O material que já é largamente usado em outros países e ajuda a dar vida a projetos ambiciosos, como a piscina que liga dois edifícios em Londres, começa a ser explorado também por engenheiros e arquitetos brasileiros, que ainda precisam conhecer mais os benefícios oferecidos pelo produto.


Nessas últimas semanas os jornais de todo o mundo estamparam suas páginas com fotos de uma piscina transparente que liga dois edifícios de luxo em Londres. Vista de baixo, é com se ela não existisse e a pessoa que nada dentro dela estivesse na verdade voando a 35 metros de altura.  A obra, assinada pelo engenheiro estrutural Brian Eckersley, foi batizada de Sky Pool, e possui 25 metros de extensão. O projeto só foi possível porque o acrílico, material que dá vida a piscina, além de transparente, ainda é altamente resistente. Ao todo a piscina pesa 50 toneladas. Ela possui paredes de 200 mm e fundo de 300 mm de espessura. Sua capacidade é de 148 mil litros de água, com profundidade máxima de pouco mais de 3 metros. E a Sky Pool não deve ser a única piscina aérea da cidade britânica. O desejo de construir uma piscina panorâmica de 360 graus no alto do que deve ser um hotel de luxo também foi recentemente anunciado. A Infinity London, também feita em acrílico, deve comportar 600 mil litros de água e ficar a 55 andares do chão.

De Londres para São Paulo, o acrílico foi o que tornou possível também a construção de uma cobertura retrátil na cobertura do Shopping Cidade Jardim. No total, a cobertura pesa 20 toneladas e conta com estrutura metálica para sustentação das calhas estruturais e trilhos, sistema retrátil motorizado e 16 módulos compostos de alumínio estrutural e cobertos com chapas de acrílico cast transparente de 3mm de espessura cada. Neste caso, a leveza do acrílico, entre outros fatores, foi fundamental para sua escolha, já que a estrutura seria instalada na cobertura de um prédio e não poderia comprometer sua estrutura. O vidro, por exemplo, além de não proporcionar a mesma transparência, ainda pesa mais do que o dobro do acrílico. Segundo Reimar Sebold, diretor da Bold, essa leveza do material, além de impactar diretamente sobre o projeto, ainda permitiu diminuir também o peso da estrutura de sua sustentação. Isso significa que menos aço precisou ser usado e que, com isso, além de ficar mais leve, o projeto ainda ficou imensamente mais clean.
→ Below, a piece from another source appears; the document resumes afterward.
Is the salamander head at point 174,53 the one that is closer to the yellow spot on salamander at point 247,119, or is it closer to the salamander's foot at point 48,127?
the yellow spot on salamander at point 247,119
Shopping Cidade Jardim ganha cobertura retrátil de acrílico

Sebold, ressalta que a durabilidade do acrílico foi outro fator determinante para a escolha deste material. “O policarbonato, por exemplo, tem uma durabilidade de 10 anos, já o acrílico tem uma durabilidade de tempo indeterminado, já que tem propriedades químicas intrínsecas contra os efeitos dos raios UV.

O uso do acrílico em obras deste porte não surpreende João Orlando Vian, executivo do INDAC – Instituto Nacional para o Desenvolvimento do Acrílico. Segundo ele, a transparência, leveza e resistência a impactos e às intempéries fazem das chapas acrílicas a escolha natural para aplicações na arquitetura. “As chapas acrílicas são utilizadas em uma grande variedade de aplicações na construção civil”.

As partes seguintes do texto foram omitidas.